The automatic cutout switch has inside its housing (1) an arc chamber (2) containing a stack of quenching plates (3) which communicates behind a slotted (2b) separating wall (2a) with an outwardly open blow-off chamber (4). In order to reduce considerably the ejection of hot conductive arc gases and also largely to prevent the exit of flames from the housing at breaking capacity, the blow-off chamber (4), consisting of two half shells (1a, 1b) of the housing (1), has several staggered walls (4a) transversely to the main direction of flow, like a labyrinthe which considerably lengthen the gas flow path. In addition, the walls (4a) have, on their facing upper sides substantially parallel to the separating plane of the half-shell (1a, 1b), comb-like projecting pegs (4a') which cool the arc gases and cause them to eddy.
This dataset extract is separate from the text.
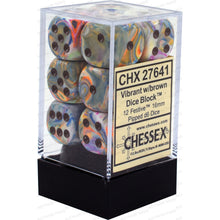 Chessex 27641 Festive 16mm d6 Vibrant/Brown Block 12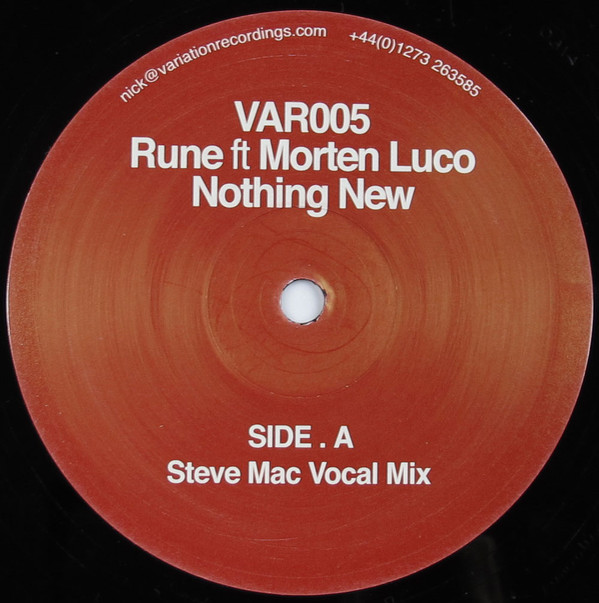 Rune Ft Morten Luco - Nothing New | Variation Recordings (VAR 005) - 3 Rune Ft Morten Luco - Nothing New | Variation Recordings (VAR 005) - 3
The walls (4a) are preferably arranged at least partially to inter-engage at a short distance from each other alternately at each half-section (1a, 1b).

Description

The invention relates to a circuit breaker with an arc chamber arranged within its housing and receiving an arc stack, which passes behind a slotted partition into an outwardly open blow-out chamber which in turn has integrally formed walls on two half-shells of the housing transverse to the main flow direction.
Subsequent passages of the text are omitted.